This is not something uncommon.



Now the question is "How did it get in there?"



Leaks from the bilge, leaks from the top and rainwater? It's extremely hard to find out and test.



Your right. All that extra weight will make a pig out of your boat.


----------



## johnsonbeachbum (Oct 1, 2007)

Has anyone used two liter empty, sealed soda bottles for floatation in compartments?? or below deck??


----------



## Xanadu (Oct 1, 2007)

> *BlueWater2 (2/21/2009)*Check and see if its still under warnnty..My boat has a 10 year hull warnnty.




And be very friendly, polite and understanding while you're telling the dealer he's about to rebuild your boat.


----------



## bullet175 (Aug 11, 2008)

Its going to most likely be rain water / wash water. Its fresh I tasted it. Ive just got a cover for the boat so I hope that will help some.


----------



## Hard Core (Sep 24, 2008)

Bullet...



The foam has to go...I would check with the dealer to see if the boat is still under warranty. Expect a long down time if it is. They are not going to jump with joy about this job. Next...if it is not covered by the warranty go see a good fiberglass guy. He can do the repair and take it back to good as new. Unless you have done a lot of fiberglass repair before you are going to hurt the resale value of that boat bad. If you plan on keeping it forever, go for it...but it is a big job.

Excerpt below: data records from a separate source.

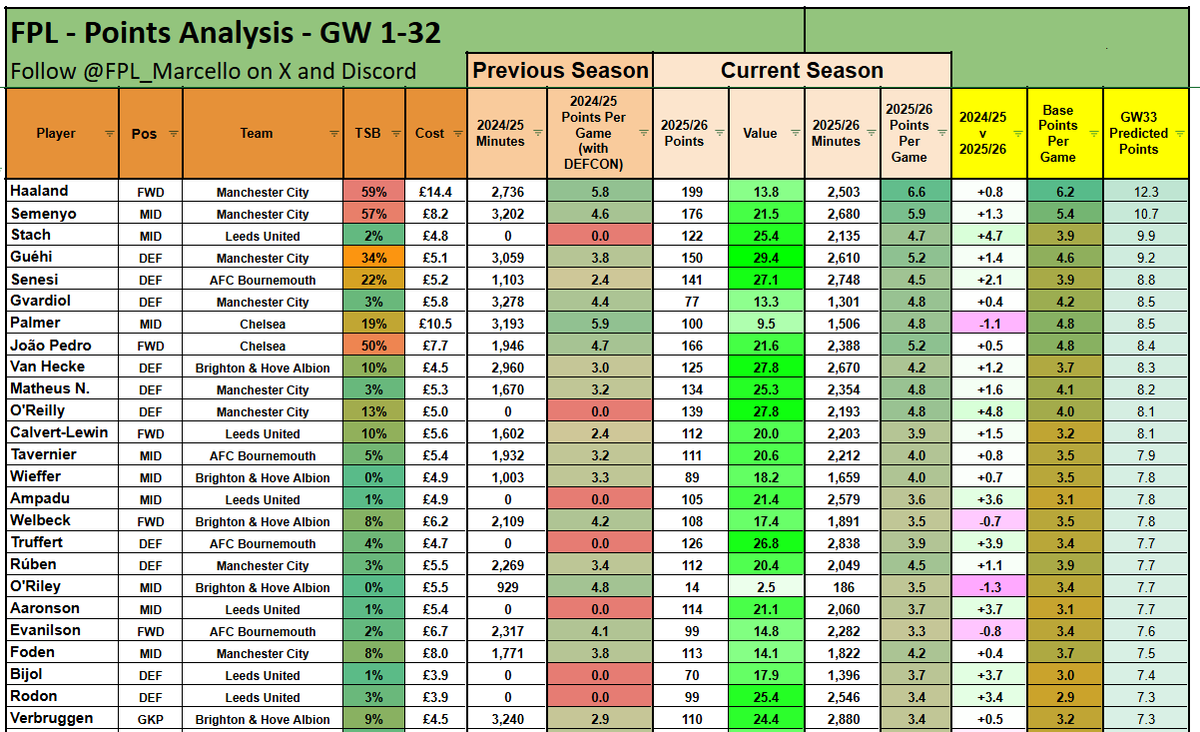 ⭐️ FPL Marcello ⭐️ tweet media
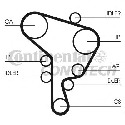 Correia dentada ContiTech CT-946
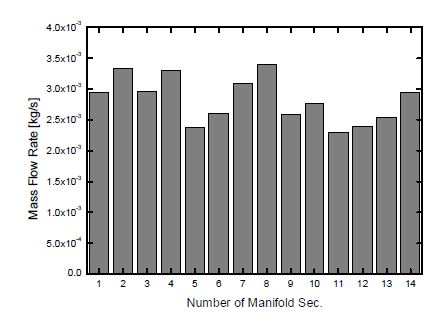 Fig. 3.2.22 Mass flow rate deviation distribution of manifold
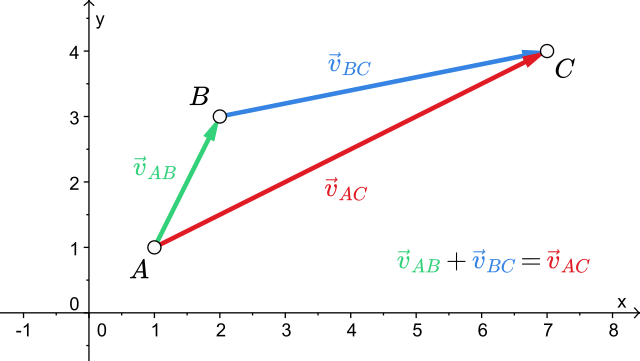 Adding two vectors together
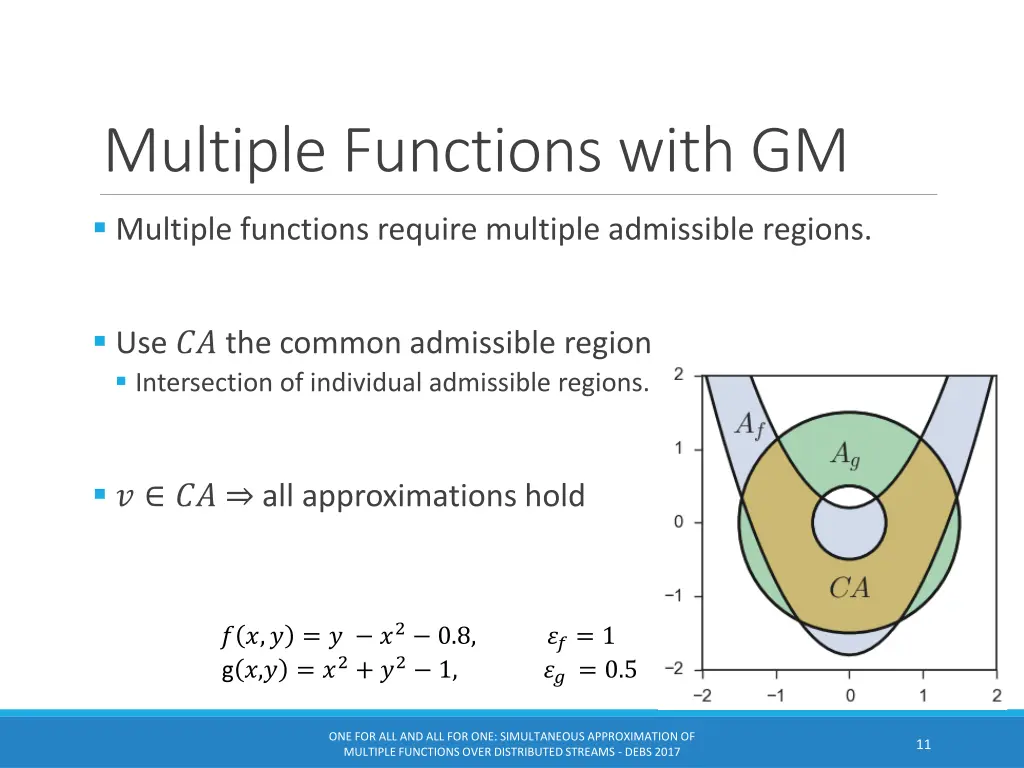 multiple functions with gm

Next...find somewhere under cover to store that boat. If it is outside the sun is hurting it just as bad as the rain. Again if you are planning on keeping it forever and don't care about appearance or resale just leave it outside and cover it as well as you can. That is probably more than you wanted to hear but that is how I see it. Hope it all works out for you...



Ronnie


----------



## Sea Monkey (Dec 26, 2008)

The OLE Confined space. If you want to dry it you we have to have plenty of air movement in the area. Damn sounds like a manufacture defect of Engineering to me. Hey dont know what after effects could be, but gas will dissolve styrofoam rather easy. Might be able to spray something on it to dissolve it. Just I thought ,I will probably get blasted for mentioning the solvent solution. It doesn't have to be gas , use something else with similar results. I'm no Chemist or no claim to be , Carcoal lighter might dissolve it also. Acetone might work as well.Just A thought. Hey I did sleep in a HolidayInn Express last nite!!


----------



## X-Shark (Oct 3, 2007)

> but gas will dissolve styrofoam rather easy.




Yes it will.



But it is not styrofoam in there and gas will not dissolve it.

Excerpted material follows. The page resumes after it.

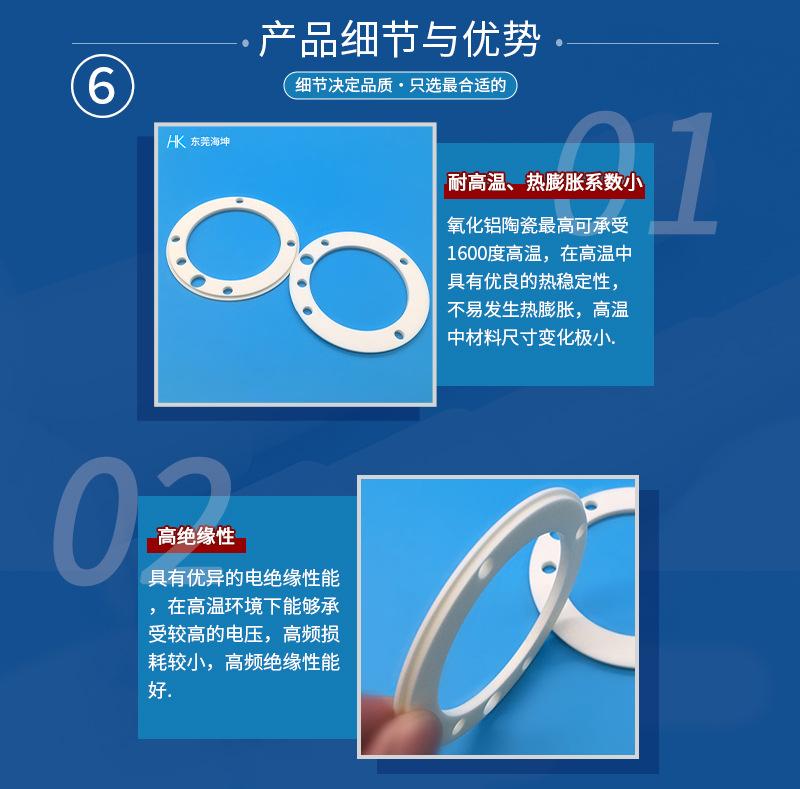 氧化铝材料细节-海坤_01.jpg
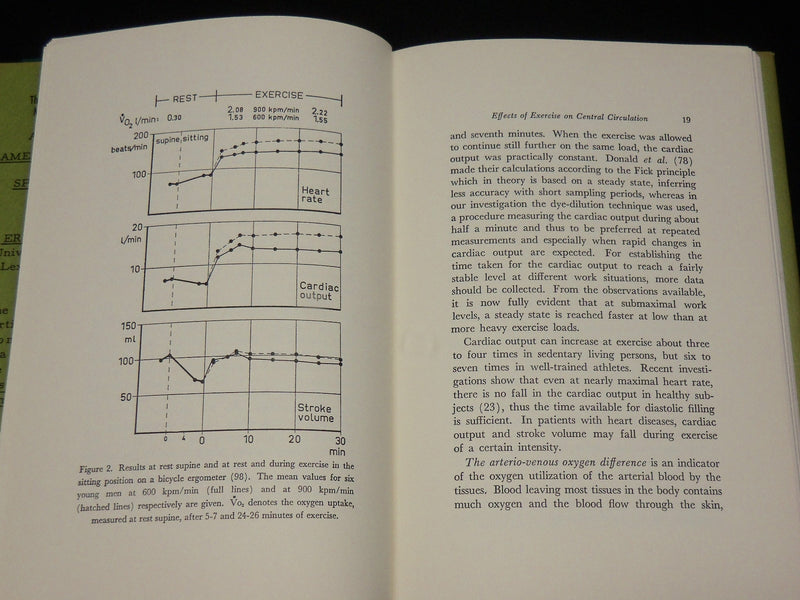 1966 THE CIRCULATORY RESPONSE TO MUSCULAR EXERCISE IN MAN BOOK - KD 6363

It was mentioned about a manufactures defect. Maybe...Maybe Not.



A lot of boats are screwed up by owners that have no clue what they are doing when mounting things and don't take the time to be sure there are no leaks.



With that said. One place that takes a beating is the cap to hull joint and leaking there with seawater. The first sign is rub rail screws backing out.



While flying a hull looks cool, it's very hard on a boat and that joint.


----------



## superdave74 (Feb 11, 2015)

Sea Monkey said:


> Hey dont know what after effects could be, but gas will dissolve styrofoam rather easy.


GAS + STYROFOAM = NAPALM!.... DO NOT DO THAT!
You must manually remove ALL of the foam, and replace it with new. Which means you are now replacing the floor. plan at least 4 weekends for this. Foam and plywood are not that expensive, but when you get that far into it, you'll want to modify things, like adding a live well, or a built in cooler, etc. you could end up $1000.00 or more and LOTS of labor. Best to have the experts do it. then you know it's done right and they usually warranty their work.


wow, i just realized this thread i 6 years old....oops


----------



## oysterman (Jan 23, 2012)

I have a carolina skiff and they are notorious for water logged foam. I drilled holes for my transducer and water streamed out of the four holes. The boats are sealed at factory but once you start adding this and adding that...drilling holes everywhere! Then improperly sealing, water is going to get in. Google water soaked hull carolina skiff...a lot of options on how to handle this problem.


----------



## Chapman5011 (Mar 7, 2013)

Water weighs 8.333 pounds per gallon


.


----------